Lentils With Caramelized Onions And Greens
Vegetarian, Vegan, and Gluten-Free Friendly Options
Originally published: March 2, 2022
Lentils with caramelized onions and wilted greens atop a tangy schmear. Need I say more? This insanely simple recipe packs a significant amount of flavor that will have you coming back time and time again. All you’ll need are a few pantry staples that you probably already have. Like an onion, garlic, white balsamic (this is a must), lentils, and any leafy green. White balsamic, along with the addition of labneh- a Lebanese cream cheese-like spread, makes for an insanely addictive dish. It’s ultra-savory while offering a hint of sweetness and acidity. I love eating it on its own, adding it to salads or toasts. Once you make this dish, you’ll find numerous ways to adapt it with various greens, velvety schmears, and other vegetables. I’ve also included a substitution list below, where you can find vegan-friendly options as well.'
This recipe was adapted from Alexandra Stafford of Alexandra’s Kitchen.
Ingredients
Serves Four
1 cup black lentils
1 large onion, sliced thinly
4 cloves of garlic, minced
1/4 cup- 1/2 cup white balsamic vinegar (this is crucial, I buy the White Modena Vinegar from Trader Joe’s)
16 ounces of mixed greens like spinach and kale
1 tbsp extra virgin olive oil
labneh, to smear
lemon juice + zest (optional, but it helps increase the iron absorption in this dish)
sea salt, black pepper, red pepper flake to taste
Method
For Soaked Lentils
While soaking lentils is not required, I always do, as it increases bioavailability, nutrition, and digestibility. I like to soak them overnight for anywhere between 12-16 hours. If you’re wanting to use this method, measure your lentils and place them in a pot or large mixing bowl. Cover the lentils with cold water and cover with a breathable towel (think tea, bread, or kitchen towel), leaving it on the kitchen counter at room temperature. Drain and rinse a few times once you hit the 12-16 hour mark and cook. See below for cooking instructions.
For Unsoaked Lentils
Place the lentils in a medium pot and cover with water by at least an inch. Add a teaspoon of sea salt and bring to a boil. Once boiling, bring to a simmer until the lentils are tender. Cooking times will vary depending on the type of lentils, stoves, and if they are soaked or not. Always taste before draining them. You want them to be tender and not mushy.
Assemble your mise en place.
In a large-walled skillet, heat the oil over medium-high heat. Add the garlic and let saute until golden. Then add the onions, a pinch of sea salt, red pepper flake (optional), and stir. Cover the pan and immediately turn the heat to low. Periodically open the lid to check on the onions, allowing any trapped water in the lid, to drip back into the pan.

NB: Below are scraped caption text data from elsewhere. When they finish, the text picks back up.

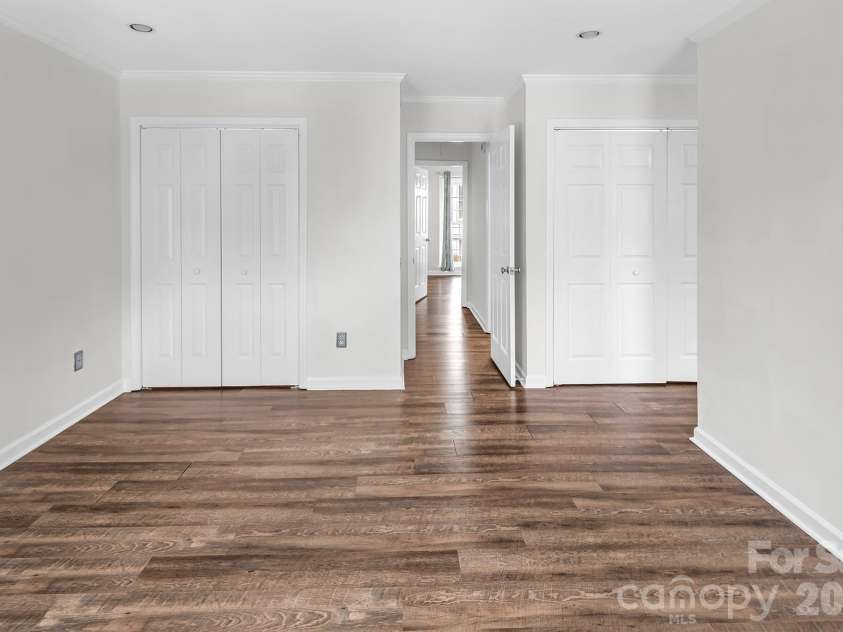 8228 Legare Court, Charlotte, NC 28210.  MLS# CAR4418862, YatesRealty ID 50198. 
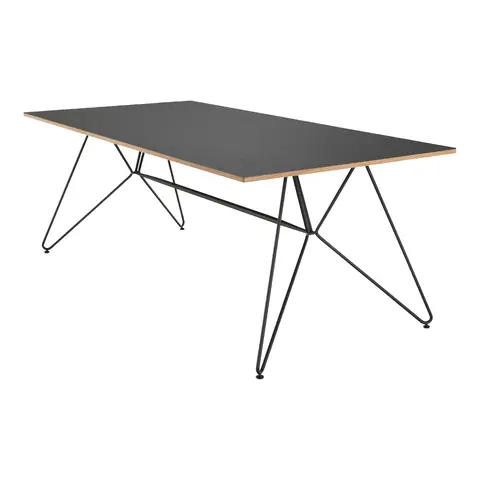table de salle à manger SKETCH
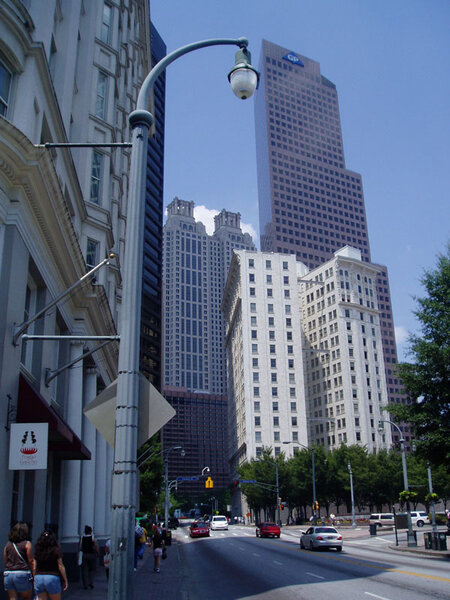 P6300005.jpg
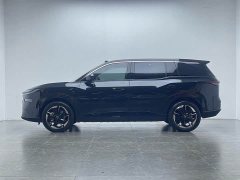 Haval 3X 520 Pro Edition - ფოტო 8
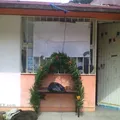 Preescolar Comunitario Indigena N/c 98-99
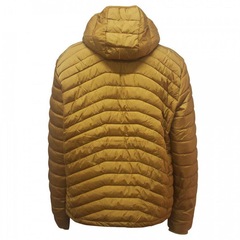 Jaqueta Yacht Master II - Masculina - Foto 2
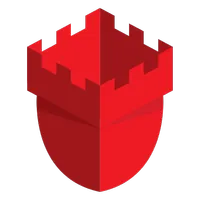 Free and Unlimited VPN - Safe, Secure, Private! APK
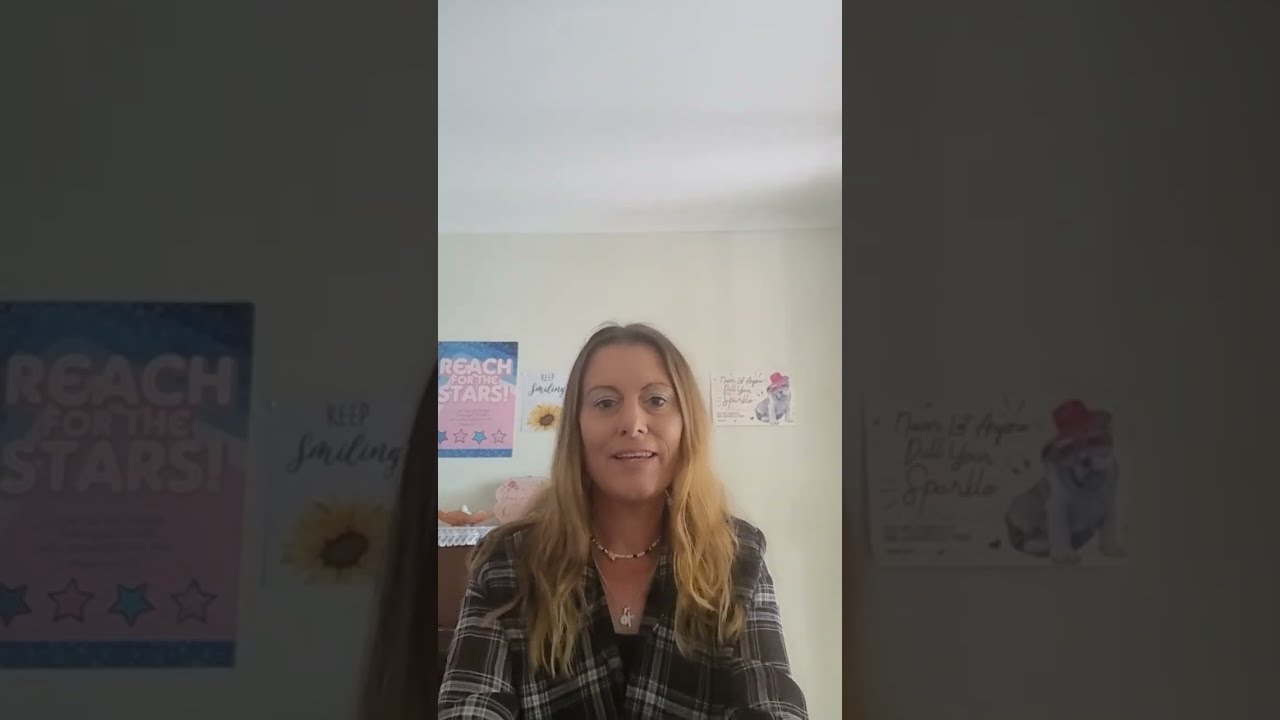 WHY DIVINE FEMININE OFTEN WALKS ALONE ON THE TWIN FLAME JOURNEY - Part 1 🙏🔥🤗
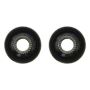 CENTRIC PARTS 602.40021 Centric Premium Control Arm Bushing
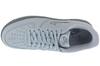 Nike Air Force 1 '07 Jewel, Mens Grey Sneakers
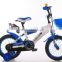 14 inch children bicycles / single speed kids bike / aluminum alloy child bicycle frame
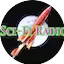 SciFi Radio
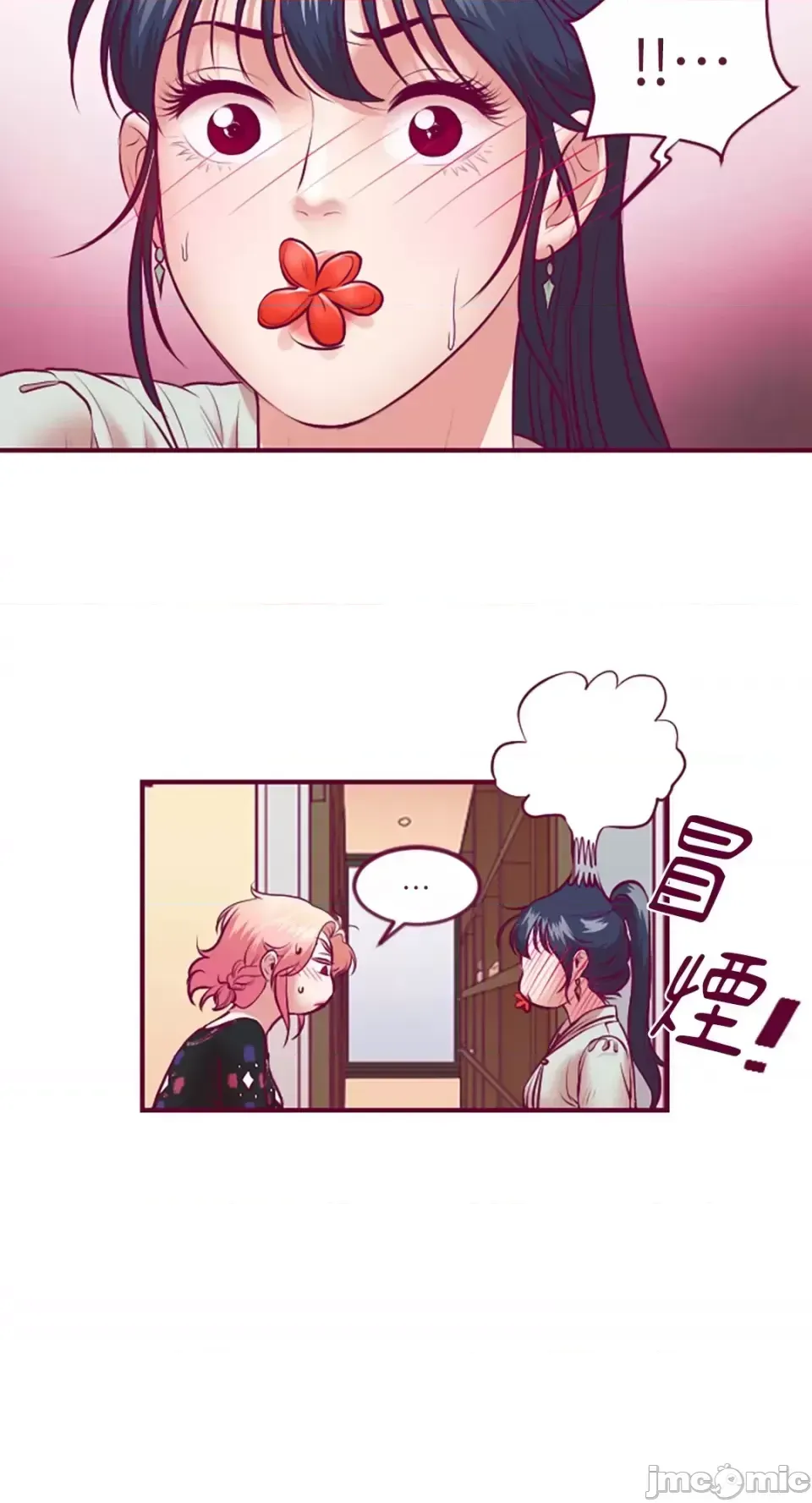 Chỉ Quyền ở đó ! Chương 1-62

When the lentils are finished cooking, remove the lid from the caramelized onion pan and bring the heat to medium. Add the white balsamic vinegar to taste and cook until it reduces, resembling a syrup-like consistency. Add the lentils and stir to combine. Then lowering the heat, add the greens, a pinch of sea salt, and black pepper. Once the greens are wilted, turn off the heat. Taste and adjust with vinegar, sea salt, black pepper, and red pepper flake as needed.
To serve, smear a generous layer of labneh across the plate. Spoon the warm lentil mixture atop and finish with lemon juice, zest, flakey Maldon salt, black + red pepper.
Notes For Substitutions
Black lentils: Green lentils
Labneh: Greek yogurt
Leafy greens: Beet, baby spinach, baby kale, swiss chard, mustard greens, etc.